Pınar Selek'i ben sürüne sürüne erkek olmak'la tanıdım, aydınlanma yıllarıma denk düşmesi iyi oldu. Ortalamamı düze çıkaracak bir not alabilme umuduyla kaydolduğum bir derste tesadüfen öğrendiklerim ise yine o yıllara denk gelir. Hocamızın bilgi ve birikimlerinden yararlandığımız bu derste sık sık yaşanmış patlama olaylarının iç yüzünü de dinlerdik. Bunlardan biri şöyle ifade edildi: Mısır çarşısındaki patlamayı bilirsiniz küçük olsanız da o yıllarda, orada hava koşullarının ve içi gazla dolu sanayi tipi tüplerin bulunduğu ortam koşulları neticesinde bir patlama gerçekleşmişti. Biz bilirkişiler olarak bu yönde ifade etmiştik patlamanın nedenini. Fakat bu olayı genç bir kızcağızın üstüne yıktılar.

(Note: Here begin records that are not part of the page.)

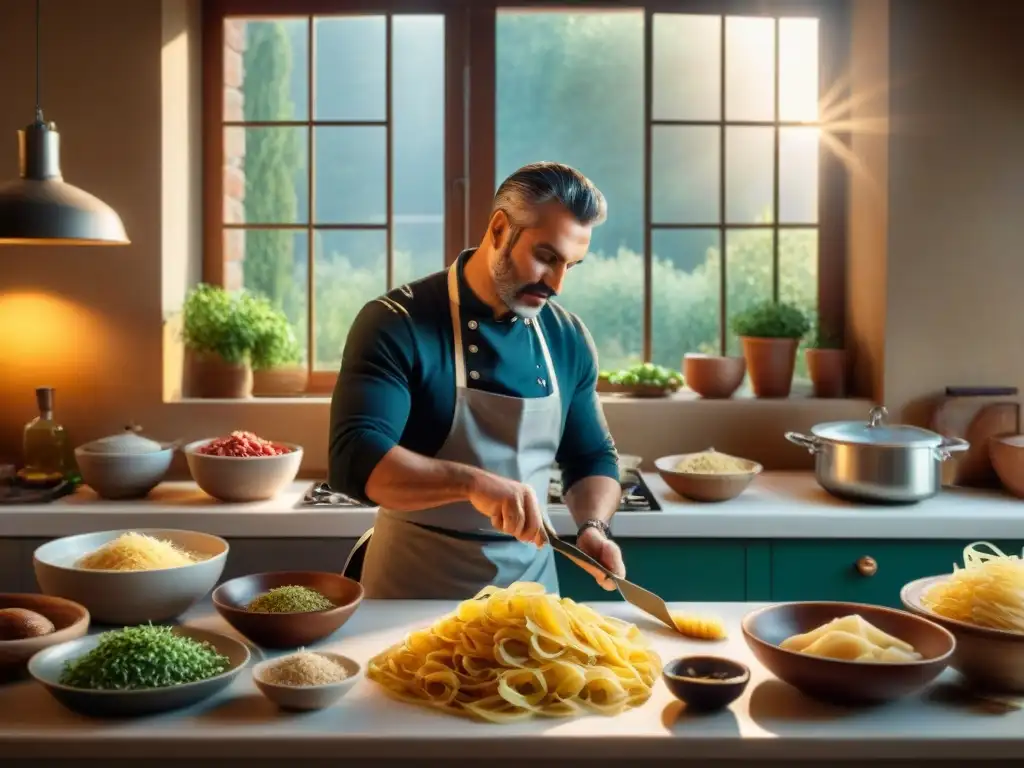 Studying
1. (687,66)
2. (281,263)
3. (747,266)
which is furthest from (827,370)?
(281,263)

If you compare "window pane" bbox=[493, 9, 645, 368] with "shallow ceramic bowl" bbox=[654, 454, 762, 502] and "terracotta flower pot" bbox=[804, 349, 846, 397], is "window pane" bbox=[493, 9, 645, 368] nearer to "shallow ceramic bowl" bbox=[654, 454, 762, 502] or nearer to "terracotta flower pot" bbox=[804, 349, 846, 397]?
"terracotta flower pot" bbox=[804, 349, 846, 397]

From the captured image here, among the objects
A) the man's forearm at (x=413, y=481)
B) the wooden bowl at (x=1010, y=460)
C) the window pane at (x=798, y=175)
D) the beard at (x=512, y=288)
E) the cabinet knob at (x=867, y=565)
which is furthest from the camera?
the window pane at (x=798, y=175)

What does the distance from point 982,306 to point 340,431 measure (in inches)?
102

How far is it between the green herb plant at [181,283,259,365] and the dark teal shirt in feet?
4.82

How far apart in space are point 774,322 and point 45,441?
256 cm

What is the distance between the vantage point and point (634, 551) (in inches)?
133

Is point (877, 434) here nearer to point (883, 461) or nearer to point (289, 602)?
point (883, 461)

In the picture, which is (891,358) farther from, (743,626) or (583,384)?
(743,626)

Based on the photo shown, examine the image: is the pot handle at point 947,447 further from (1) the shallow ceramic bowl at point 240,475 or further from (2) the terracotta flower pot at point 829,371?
(1) the shallow ceramic bowl at point 240,475

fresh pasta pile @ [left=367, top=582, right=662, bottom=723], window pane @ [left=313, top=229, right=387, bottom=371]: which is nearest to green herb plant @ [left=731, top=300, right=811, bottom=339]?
window pane @ [left=313, top=229, right=387, bottom=371]

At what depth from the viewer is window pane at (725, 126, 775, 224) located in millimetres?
4367

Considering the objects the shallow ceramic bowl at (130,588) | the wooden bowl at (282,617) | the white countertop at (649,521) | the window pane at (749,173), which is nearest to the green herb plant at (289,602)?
the wooden bowl at (282,617)

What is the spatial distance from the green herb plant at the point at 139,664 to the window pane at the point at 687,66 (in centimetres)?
313

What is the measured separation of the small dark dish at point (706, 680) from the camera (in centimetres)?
172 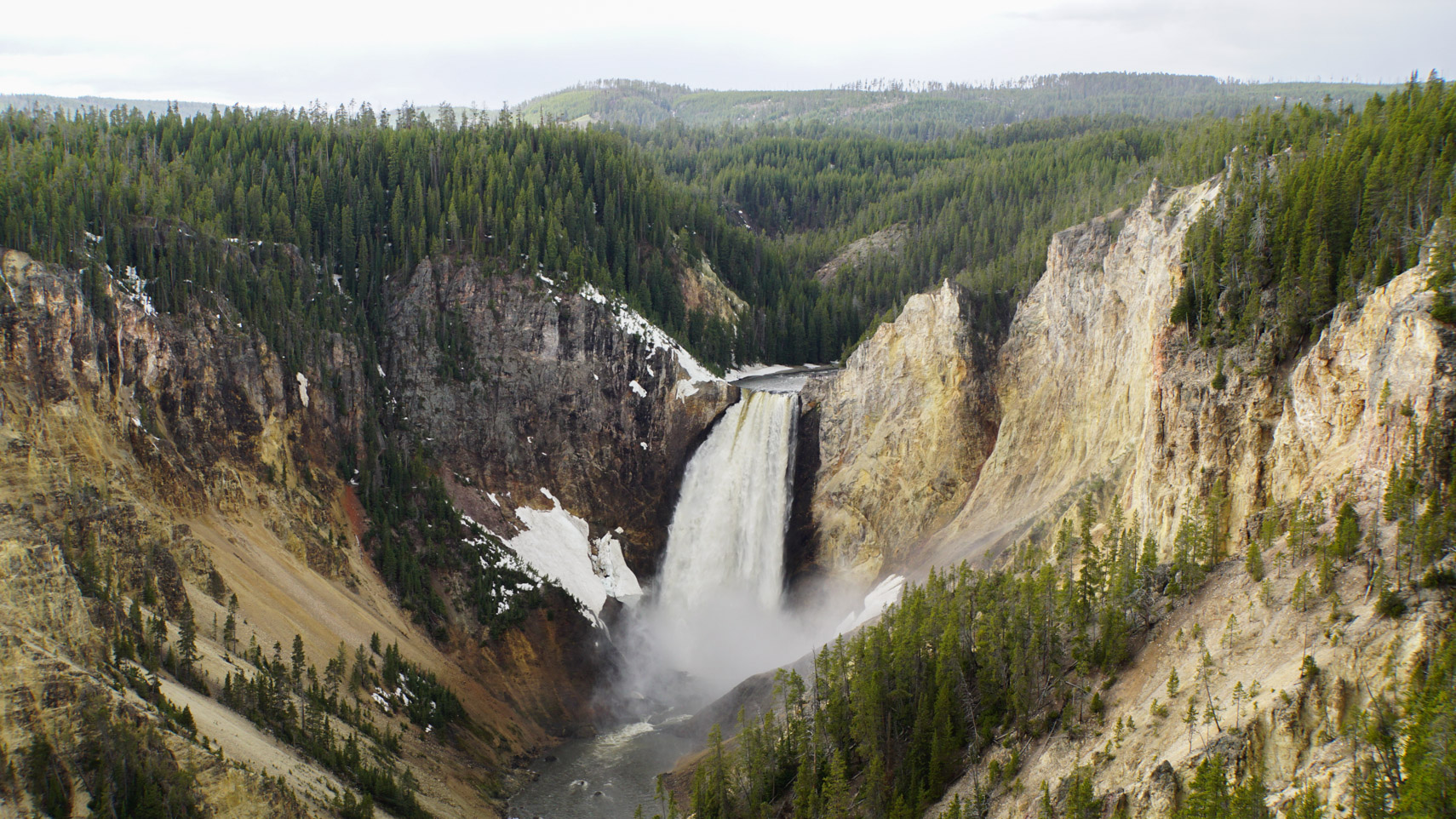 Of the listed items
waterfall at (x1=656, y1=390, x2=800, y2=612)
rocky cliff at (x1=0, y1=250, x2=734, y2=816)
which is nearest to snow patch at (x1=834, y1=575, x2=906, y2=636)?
waterfall at (x1=656, y1=390, x2=800, y2=612)

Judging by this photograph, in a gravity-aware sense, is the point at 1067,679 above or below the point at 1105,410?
below

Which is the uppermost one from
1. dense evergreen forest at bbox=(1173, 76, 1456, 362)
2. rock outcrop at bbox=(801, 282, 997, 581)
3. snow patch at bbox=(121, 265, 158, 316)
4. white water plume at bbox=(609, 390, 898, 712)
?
dense evergreen forest at bbox=(1173, 76, 1456, 362)

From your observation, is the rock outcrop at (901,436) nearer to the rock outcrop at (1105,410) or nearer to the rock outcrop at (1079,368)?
the rock outcrop at (1105,410)

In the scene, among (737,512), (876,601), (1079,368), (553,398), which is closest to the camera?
(1079,368)

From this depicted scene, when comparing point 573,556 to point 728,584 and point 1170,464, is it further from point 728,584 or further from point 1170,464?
point 1170,464

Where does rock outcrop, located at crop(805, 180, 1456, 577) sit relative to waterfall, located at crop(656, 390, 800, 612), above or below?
above

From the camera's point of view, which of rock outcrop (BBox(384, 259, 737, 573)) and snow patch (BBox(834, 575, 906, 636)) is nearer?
snow patch (BBox(834, 575, 906, 636))

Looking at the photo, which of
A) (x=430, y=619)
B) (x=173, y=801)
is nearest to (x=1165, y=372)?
(x=173, y=801)

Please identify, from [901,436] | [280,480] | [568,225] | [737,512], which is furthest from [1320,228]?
[568,225]

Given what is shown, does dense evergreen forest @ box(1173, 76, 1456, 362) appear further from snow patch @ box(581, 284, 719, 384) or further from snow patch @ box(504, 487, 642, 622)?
snow patch @ box(504, 487, 642, 622)
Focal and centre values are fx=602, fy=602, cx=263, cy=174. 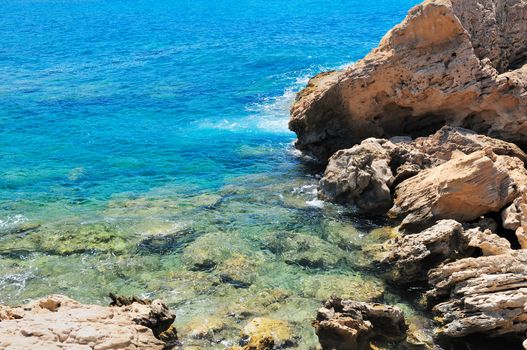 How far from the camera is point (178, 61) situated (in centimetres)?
4350

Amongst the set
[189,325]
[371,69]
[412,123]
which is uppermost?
[371,69]

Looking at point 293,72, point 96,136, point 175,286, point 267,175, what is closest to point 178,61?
point 293,72

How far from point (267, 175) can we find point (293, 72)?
17.4m

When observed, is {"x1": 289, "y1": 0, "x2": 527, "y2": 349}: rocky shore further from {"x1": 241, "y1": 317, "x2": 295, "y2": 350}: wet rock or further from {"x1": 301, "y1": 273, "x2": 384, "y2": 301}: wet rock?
{"x1": 241, "y1": 317, "x2": 295, "y2": 350}: wet rock

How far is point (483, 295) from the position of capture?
1236 centimetres

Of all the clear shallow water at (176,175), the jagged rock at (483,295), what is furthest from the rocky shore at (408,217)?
the clear shallow water at (176,175)

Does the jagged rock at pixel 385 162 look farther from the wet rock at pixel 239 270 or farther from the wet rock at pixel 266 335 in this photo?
the wet rock at pixel 266 335

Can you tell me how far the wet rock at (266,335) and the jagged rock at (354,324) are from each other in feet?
2.37

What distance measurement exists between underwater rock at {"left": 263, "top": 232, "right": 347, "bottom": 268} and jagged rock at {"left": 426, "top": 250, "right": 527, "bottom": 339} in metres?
3.25

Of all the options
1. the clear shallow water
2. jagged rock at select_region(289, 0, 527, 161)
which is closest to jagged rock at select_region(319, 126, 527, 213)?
the clear shallow water

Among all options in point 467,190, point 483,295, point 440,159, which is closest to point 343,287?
point 483,295

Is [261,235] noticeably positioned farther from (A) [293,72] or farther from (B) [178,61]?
(B) [178,61]

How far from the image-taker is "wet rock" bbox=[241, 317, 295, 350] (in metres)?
12.2

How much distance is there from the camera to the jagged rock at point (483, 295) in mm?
11977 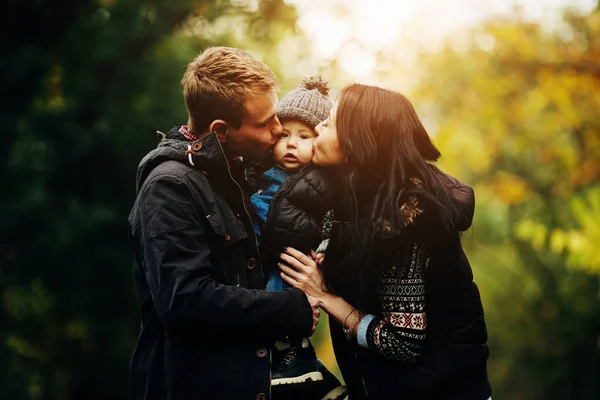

Devamında bunun üzerine konuşurken ve bu anlamsız suçlamanın neden olduğunu anlamadığını ifade etmişti hocamız. Yüksek Kimya mühendisi patlamanın iç yüzünü anlamıştı. Depolama koşulları üzerine verdiği bu örneğin sonunun böyle bitmesini ise mühendis adaylarına anlatamamıştı. Bu duruma tanığım.
Pınar'a tanığım demekse değişik bir durum öte yandan. Pınarı okurum, Pınarı dinlerim, Pınarı önemserim ben. Sefil ithamlara karşı tanık olmak ağırıma gidiyor, komik geliyor.